Tambourine Road

Manisha Anjali

When the old fisherman walked into the sea to end his life on November 12, 1934, he stitched a song into the white coral growing on the underside of The Mermaid, the sunken barge we had come to know as mythic. The fisherman had no human lover. He was in love with the sea.

Eighty-eight years later, a film crew went deep underwater to document the fabled Mermaid wreckage, and by accident, retrieved the forgotten song. They made the fisherman’s devotion public. It was played on national radio. It inspired the people to love the sea again. 

The song of the devotee is the same, death after death. Beings of flesh and blood who are in love with seas, volcanos and trees archive devotion to the natural world by stitching their songs inside a living entity that constantly dreams and renews. The devotees sew their compositions to the roots of trees, to the faces of flowers and into the seams of forests beneath the sea. The songs are in perpetual state of birth and re-enactment. Devotion outlives the devotee. Devotion is always living. 

When the song stitched into the roots of the yellow wildflowers on the side of the Tambourine Road was unearthed by accident, by a team of road workers on June 23, 2022, the road split open and flooded.

The song told the story of the devotee who was married to the Mourning River, one-hundred years ago. She was the clothes washer for the military family who lived at the top of the hill, on Saudade Estate.

She washed clothes in the river every third day. She smoked bidis rolled with newspaper, wore jasmine in her braids and studied the maps on banana leaves.

And she beat the clothes against the rocks. And beat her song against the tobacco sky, until the blood ran down her mouth.

Have you ever been loved by a river?

When she ran away from Saudade Estate, she travelled through the Mourning on a little tin boat. At the point where the river meets the sea, the devotee changed into a snake and swam through the waking dream of the river. 

The love of the river is sublime.

When the devotee cupped her hands and drank from the Mourning, she was given the dream of the delta. When living things died, the Mourning would carry them to the afterlife, where it would be decided, if we were to be born again, or live as stars.

I have no human lover. I have no buffalo lover. I am in love with the river.

The Mourning had been dying for a long time, because the people had forgotten how to love the river. The devotee promised not to forget the body of water. She stitched her devotion to the roots of yellow wildflowers on the banks, where she slept naked with the snakes.

If forget the river. The river will disappear. When I forget, the river becomes a highway.
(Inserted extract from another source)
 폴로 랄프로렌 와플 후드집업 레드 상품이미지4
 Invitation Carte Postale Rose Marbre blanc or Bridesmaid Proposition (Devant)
In time, the devotee grew old. And with old age, life took on the habits of a fluttering dream, and memory became fragile, fickle and far away. If the devotee forgot a part of the river like the mouth that opens to the sea, the brackish taste of sunrise, the hot stones where the tortoises sleep, the rhythm of the heartbeat in the ancient current then that part of the river would disappear. 

And they did. 

Before departure, the devotee changed into a stone, and jumped into the stream. The river was forgotten. The levee swelled and burst into our lungs. The Mourning drowned our villages and temples, then returned to the earth. The Mourning was reborn as Tambourine Road.

Notes

On the soundscape:
Retrieved from the roots of wildflowers on the side of Tambourine Road, on June 23, 2022. The vocal improvisation of the devotee who was married to the Mourning River. The improvisation speaks to devotional love between a human and non-human entity who are bound by memory.